┌─ Input for this task
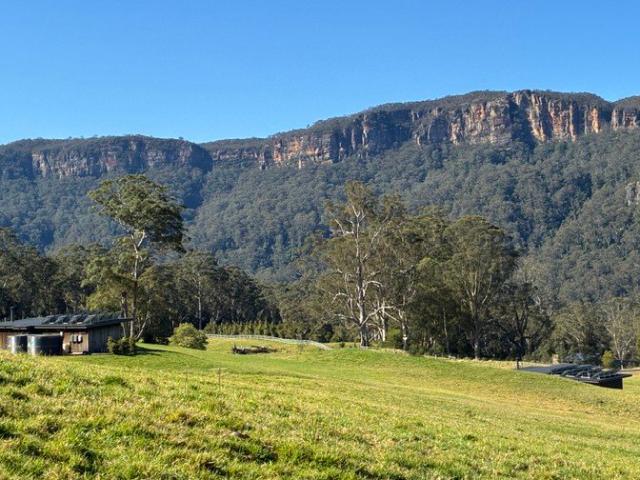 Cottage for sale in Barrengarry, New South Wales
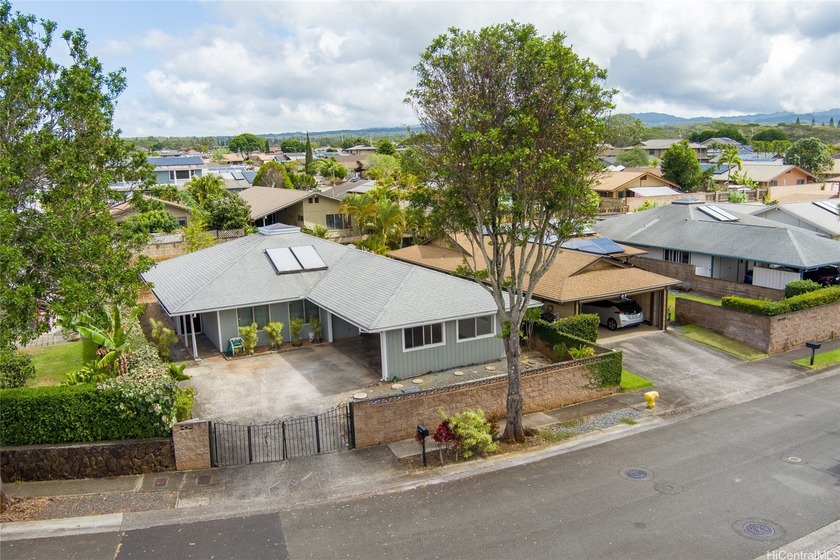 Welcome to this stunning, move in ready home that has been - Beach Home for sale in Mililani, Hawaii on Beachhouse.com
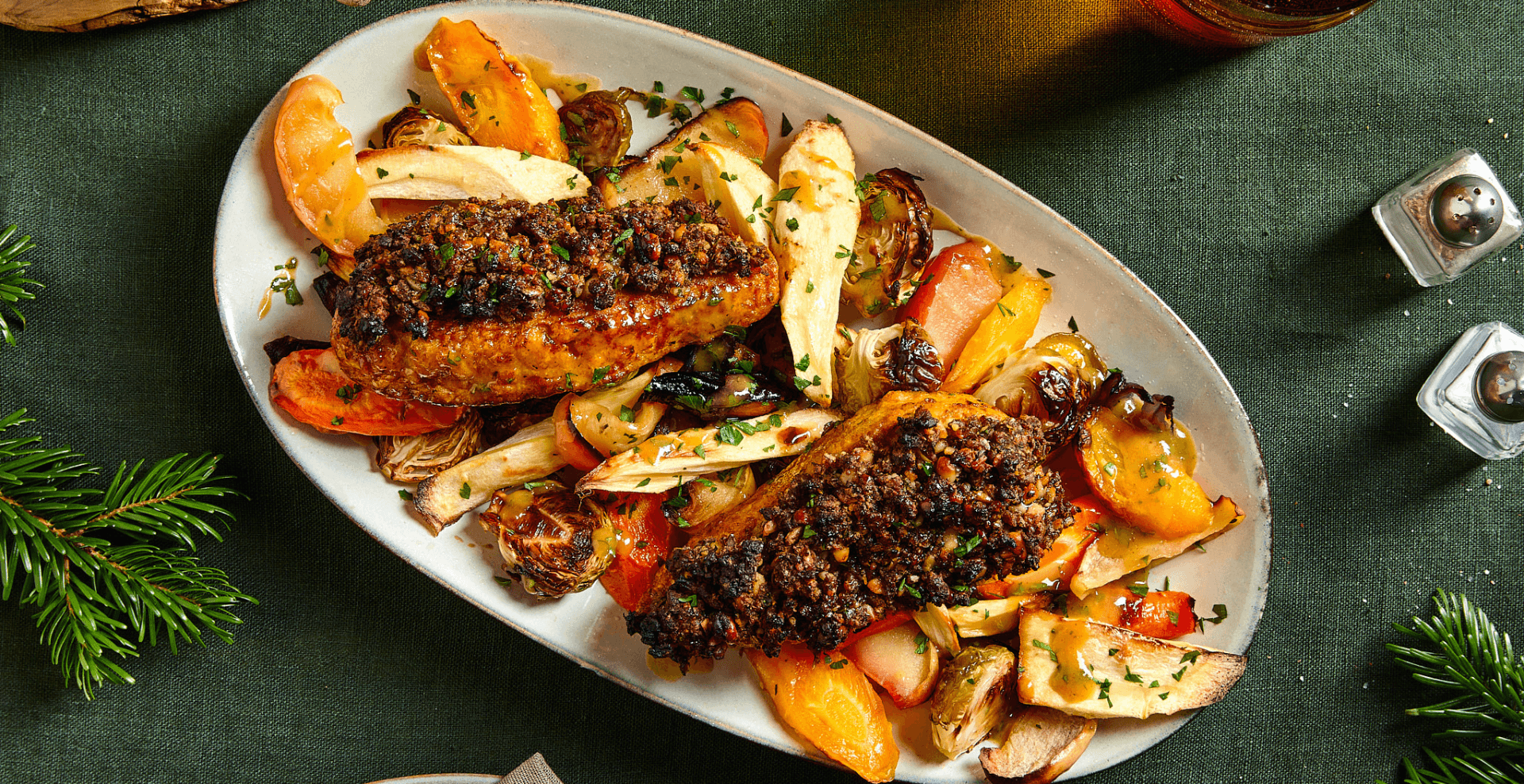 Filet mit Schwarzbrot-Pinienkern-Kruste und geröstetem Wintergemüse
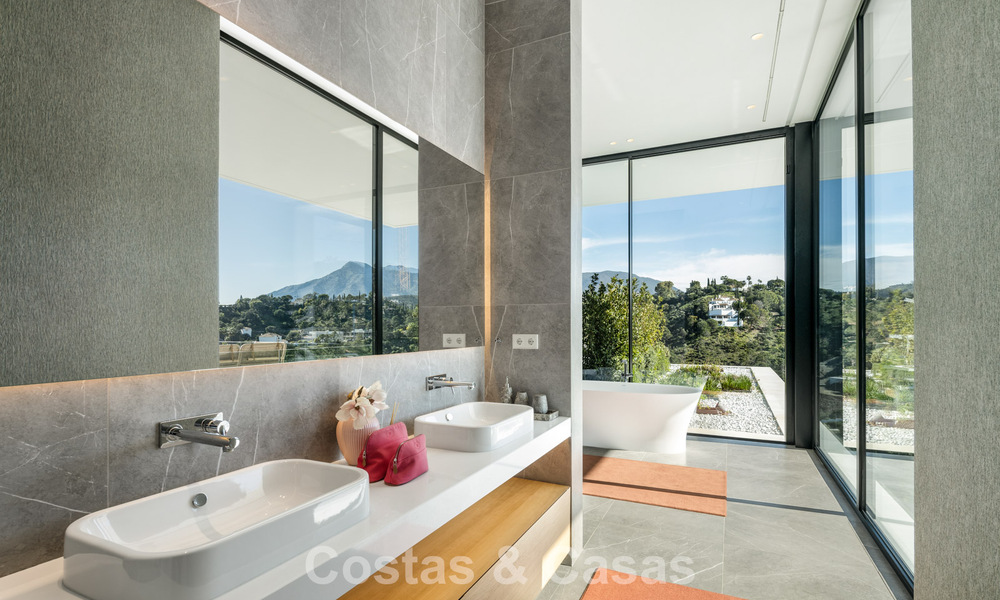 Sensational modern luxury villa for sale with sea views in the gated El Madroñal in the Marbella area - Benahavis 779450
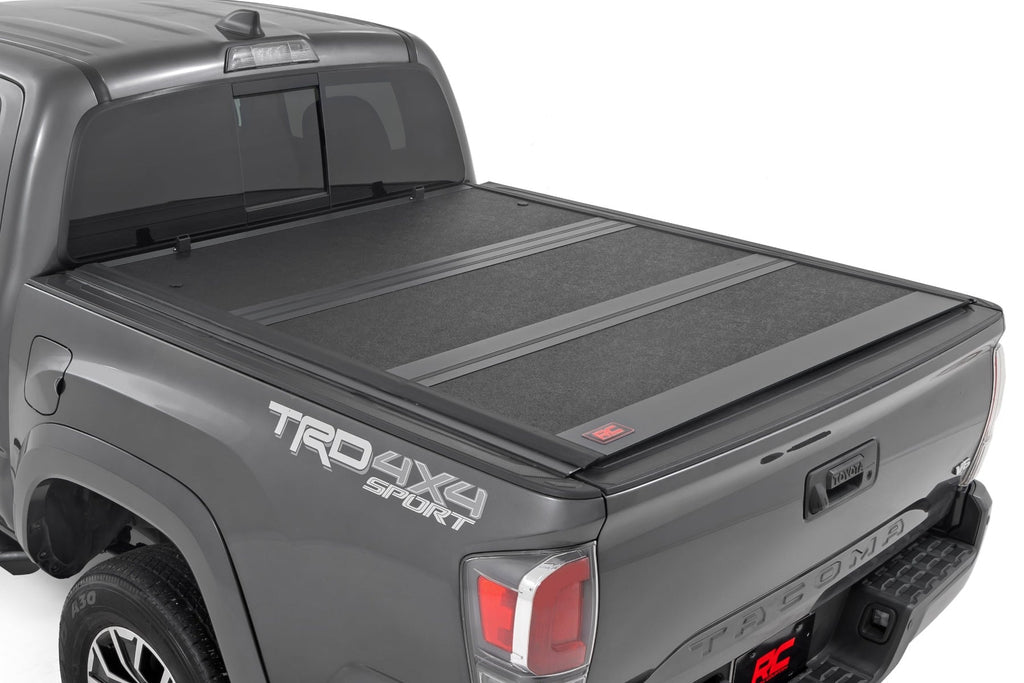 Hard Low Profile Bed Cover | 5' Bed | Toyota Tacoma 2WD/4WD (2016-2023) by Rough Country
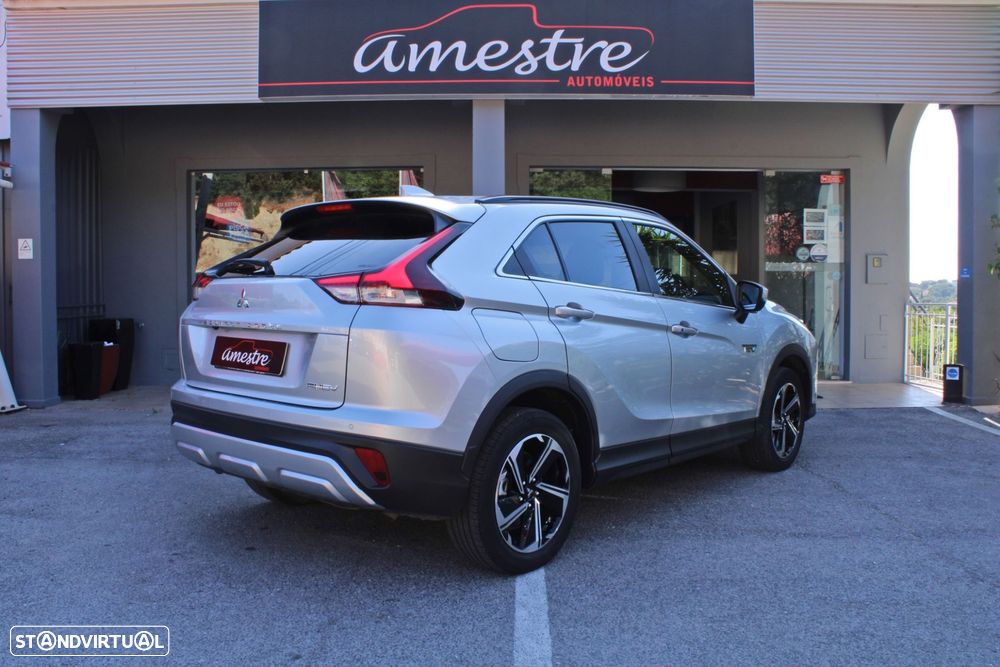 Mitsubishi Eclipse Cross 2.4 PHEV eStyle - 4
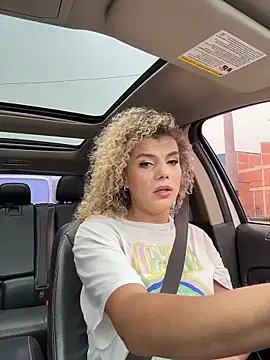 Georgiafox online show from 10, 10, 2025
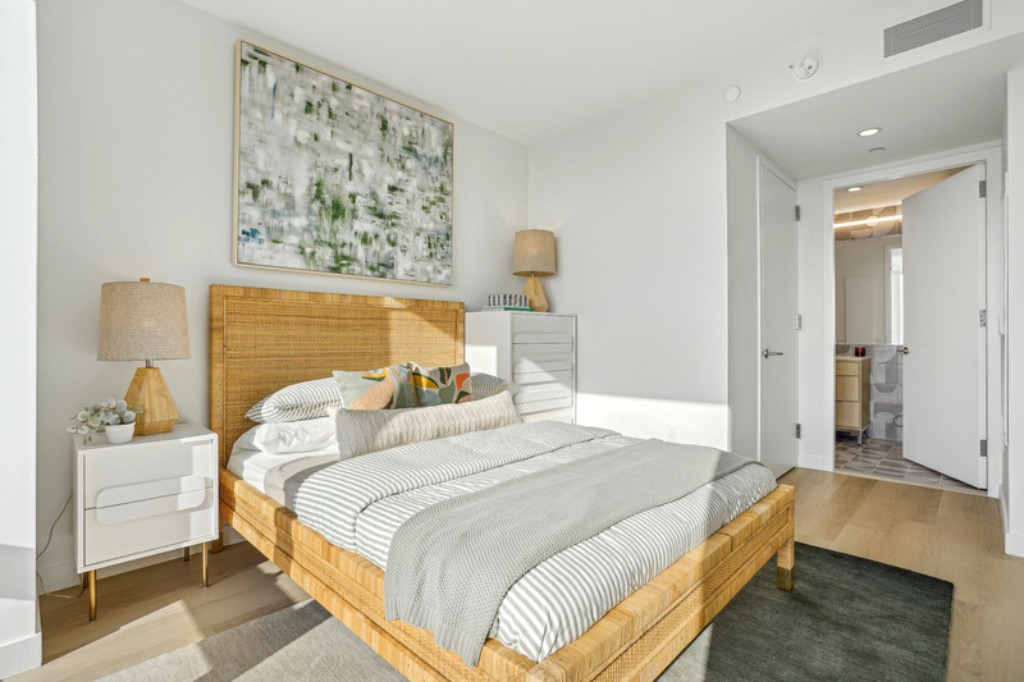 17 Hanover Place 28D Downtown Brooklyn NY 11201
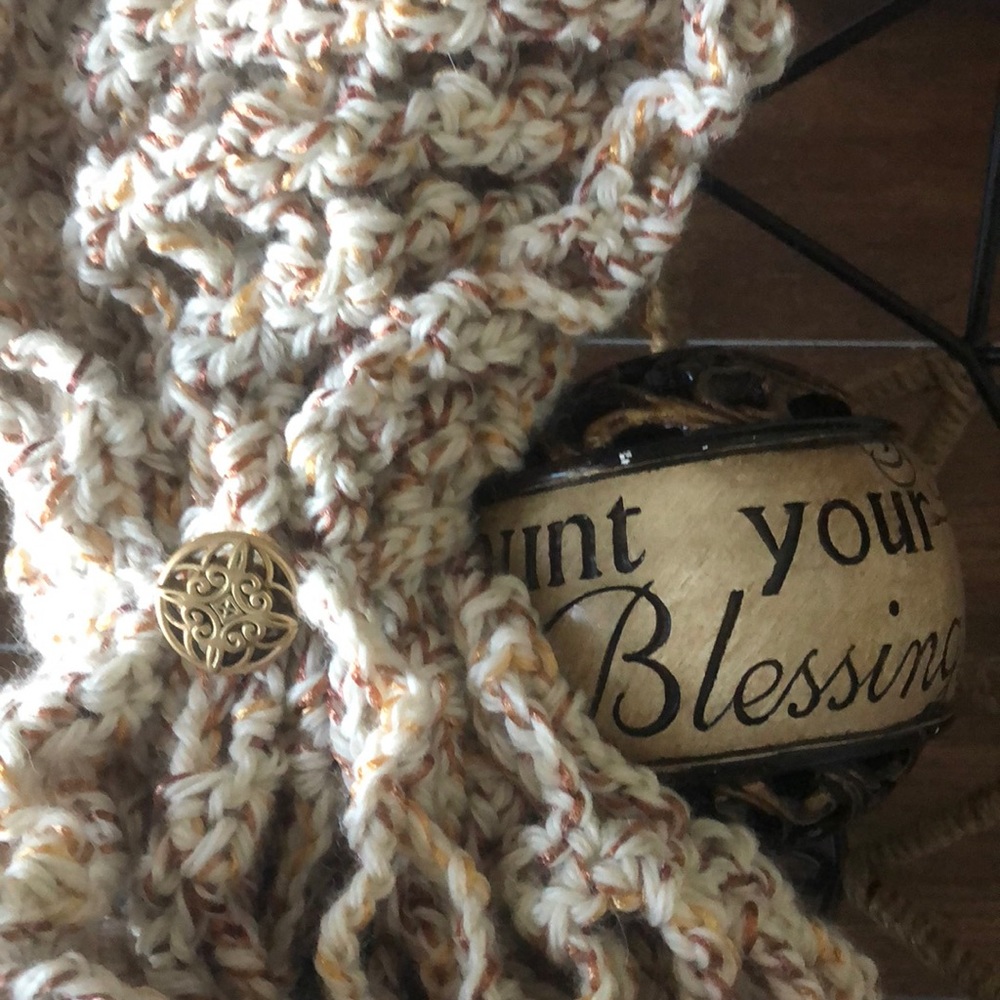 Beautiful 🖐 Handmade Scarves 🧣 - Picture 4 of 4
└─
Problem to work on: Drop every picture, then write out the remaining entries above exactly as they appear.

Task output:
 Cottage for sale in Barrengarry, New South Wales
 Welcome to this stunning, move in ready home that has been - Beach Home for sale in Mililani, Hawaii on Beachhouse.com
 Filet mit Schwarzbrot-Pinienkern-Kruste und geröstetem Wintergemüse
 Sensational modern luxury villa for sale with sea views in the gated El Madroñal in the Marbella area - Benahavis 779450
 Hard Low Profile Bed Cover | 5' Bed | Toyota Tacoma 2WD/4WD (2016-2023) by Rough Country
 Mitsubishi Eclipse Cross 2.4 PHEV eStyle - 4
 Georgiafox online show from 10, 10, 2025
 17 Hanover Place 28D Downtown Brooklyn NY 11201
 Beautiful 🖐 Handmade Scarves 🧣 - Picture 4 of 4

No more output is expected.